The server I use doesn't really have any trouble processing that volume mail. You are running spamd so you don't have to fire up a Perl process for eaach mail, right? If you're still having difficulty, try greylisting, I've heard it's a very inexpensive way of cutting out a lot of spam.

bsergean said...

Yes you need to train spambayes with ham and spam. I keep my spams to do that when I want to play with another setup.

$ sb_filter.py -d $HOME/.hammie.db -n
Created new database in /home/bsergean/.hammie.db

$ sb_mboxtrain.py -d $HOME/.hammie.db -g ~/Mail/sent-mail/cur/ -s ~/Mail/Spam/cur/
Training ham (/home/bsergean/Mail/sent-mail/cur/):
Reading as MH mailbox
Trained 8020 out of 8020 messages
Training spam (/home/bsergean/Mail/Spam/cur/):
Reading as MH mailbox
Trained 1847 out of 1847 messages

I am using kmail right now, here are the two rules I use when something bad happens.

(re)train as a bad (spam) message
sb_filter.py -d $HOME/.hammie.db -s

(re)train as a good (ham) message
sb_filter.py -d $HOME/.hammie.db -g

There are two options for the database format, pickle and berkely db, each one have their own advantage (I forgot, it's in the man page :).

One last word, ... if it ain't break don't fix it. It's always a pain to reconfigure something already working ... And the grey listing seems like a good thing too, accoring to another comment.


Anonymous said...

Try Google Apps, it's gmail with your own domain name. I average about 10 spams a week.

You do need to check your spam folder regularly though. Some of my client's emails ended up inside.

Anonymous said...

The important thing about greylisting is that it's insanely cheap. SpamAssassin takes a lot of memory and CPU cycles to do it's work. Greylisting just takes a database lookup and a write, plus a delayed delete for more spam.
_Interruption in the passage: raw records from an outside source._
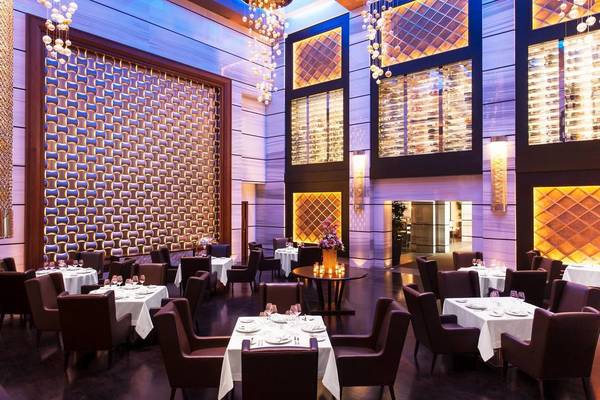 Restaurant-Interieur im St. Regis Saadiyat Island Resort mit eleganten Tischarrangements und luxuriösem Ambiente.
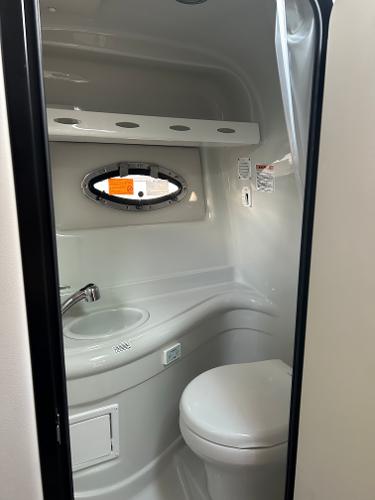Slide: The Image of 2024 Crownline 270 CR boat bathroom with sink, toilet, and porthole window. - 17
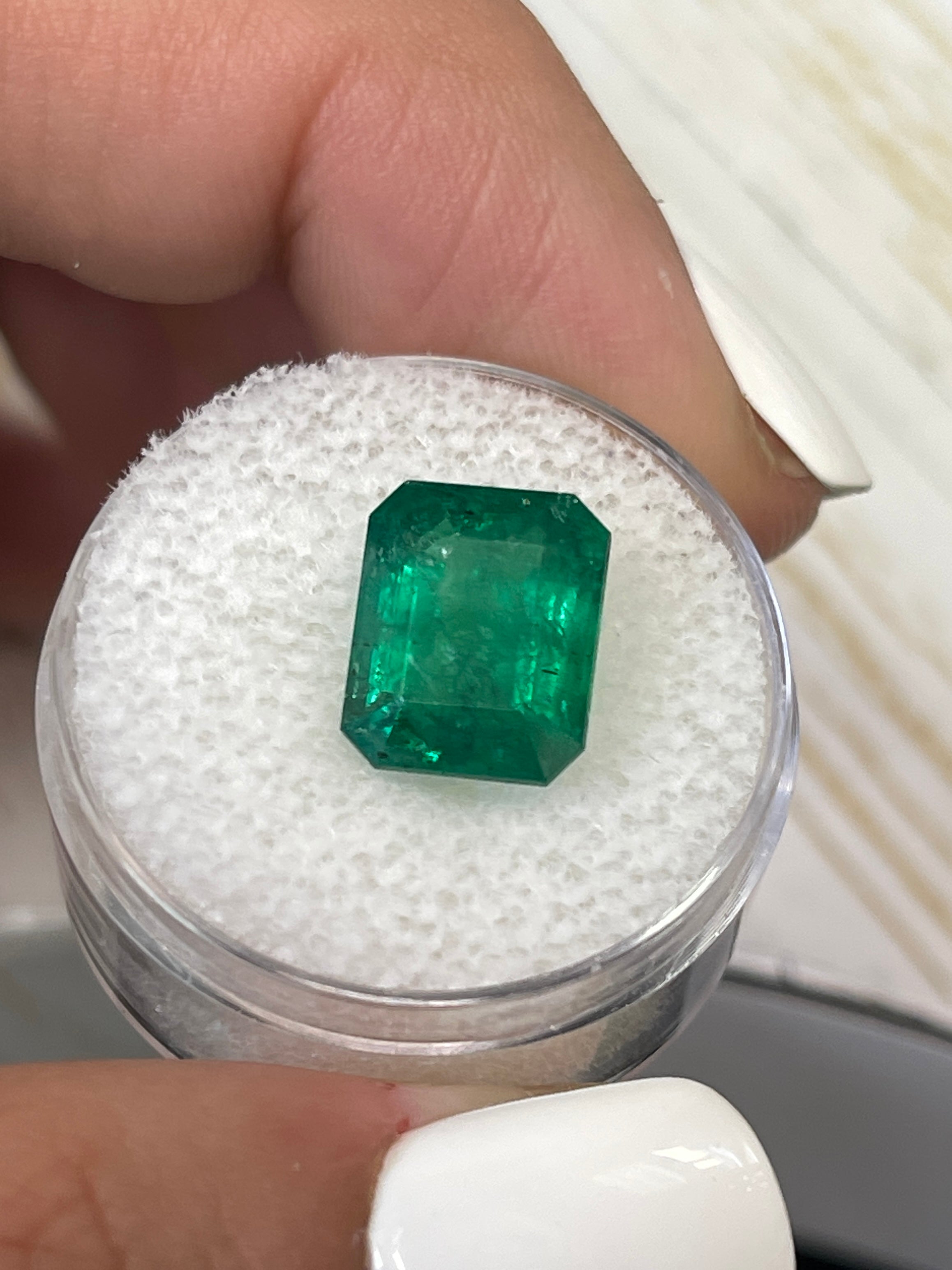 Natural 5.68 carat medium deep green Zambian emerald cut loose gemstone from JR Colombian Emeralds.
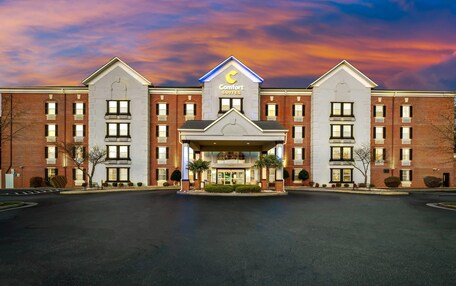 A Comfort Suites hotel with a central entrance, brick exterior, and a distinctive crescent moon logo.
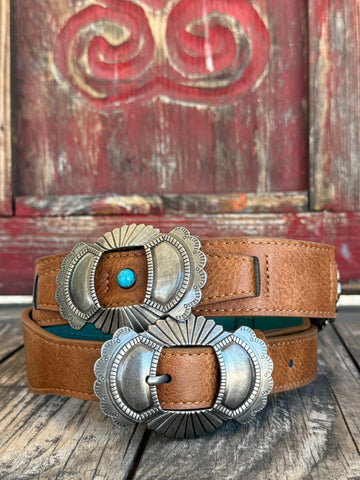 Brown leather with large silver scalloped conchos featuring a turquoise center stone — a bold, southwestern-inspired western belt with dramatic hardware and rich color that makes an instant statement.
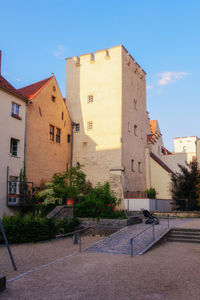 Buildings by street against blue sky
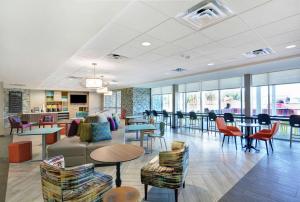 un vestíbulo con mesas y sillas y una cafetería en Home2 Suites By Hilton Richmond Hill Savannah I-95 en Richmond Hill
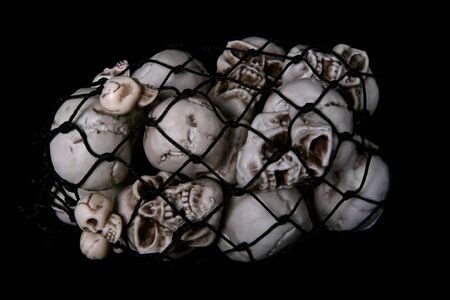 A scary bag of skulls over a black backgroundの写真素材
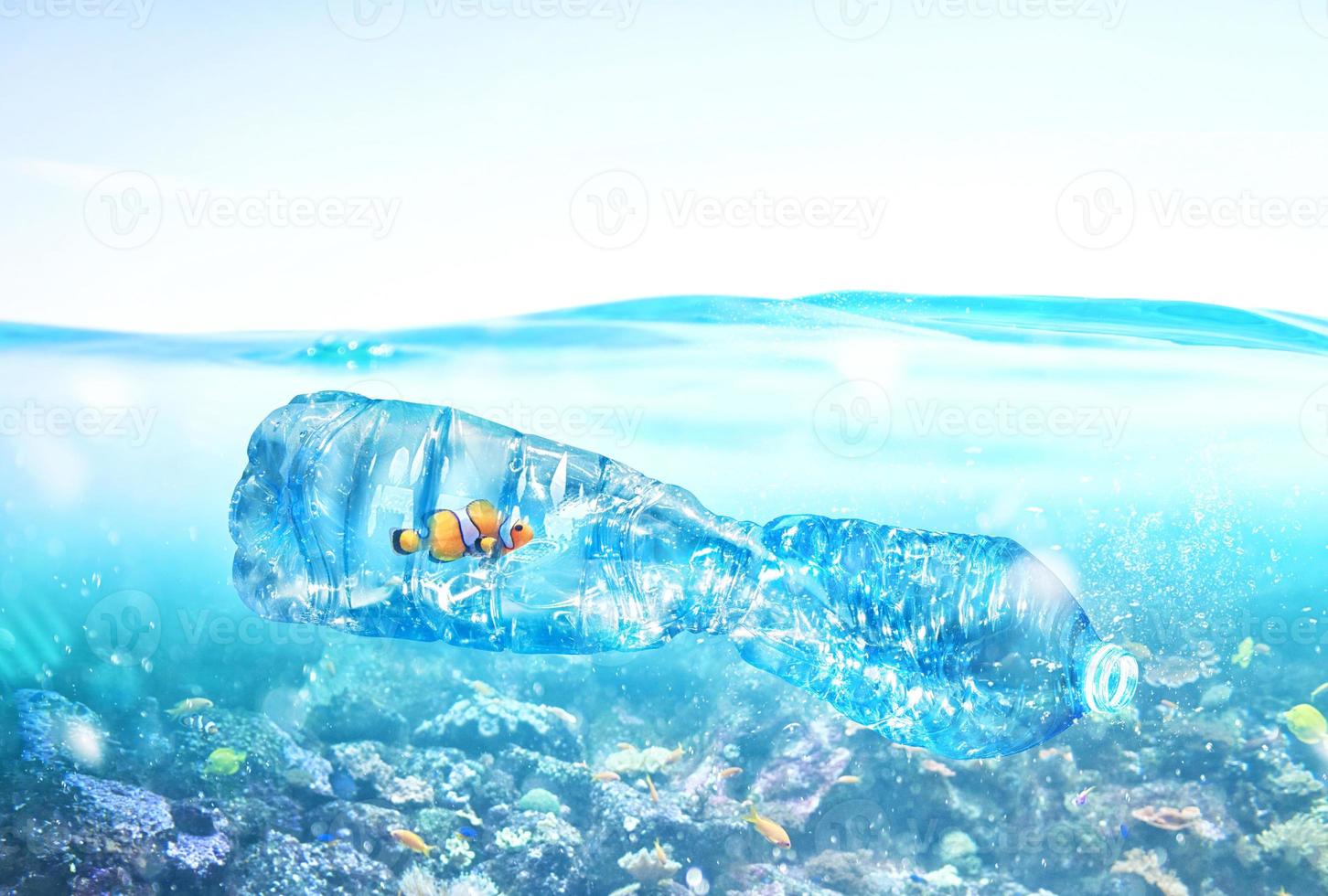 Fish trapped inside a bottle. Problem of plastic pollution under the sea concept. photo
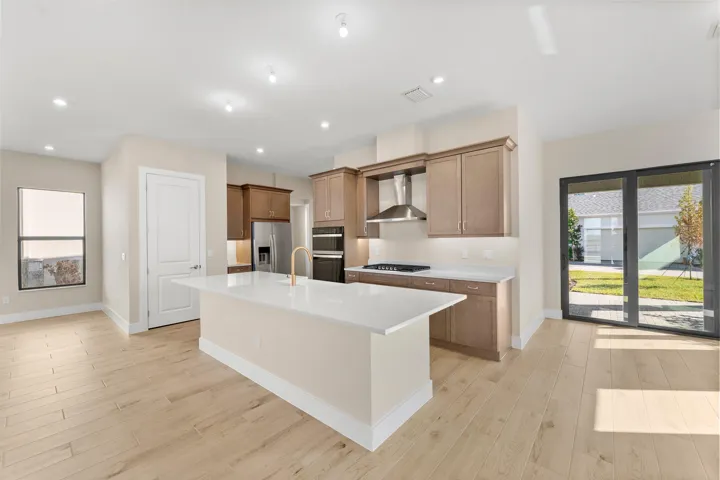 Stock photos represent builder's floorplan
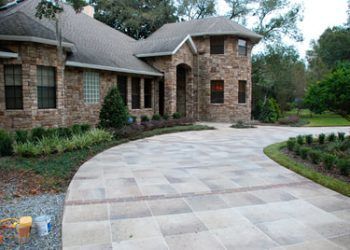 A multi-story stone house with a curved, light-colored stone paver driveway leading to the entrance.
It's not at all surprising that if you have an expensive mechanism like SpamAssassin without protecting it by cheaper mechanisms, that your Soekris can barely keep up.

I will say that your problem is totally solvable. I've had the same e-mail address since 1994 and it's all over the net, and I only get 1 or 2 spams through to my main mailbox per day. Legitimate messages misclassified as spam is maybe 2 to 3 messages per week.

I use SPF, greylisting, rejecting mail from the SpamCop "top 200" site list, SpamAssassin, ClamAV, auto-whitelisting of people I mail to, and a custom set of black and white lists along with a long custom set of header and body rules.

It's a lot of work, but it's aazingly effective.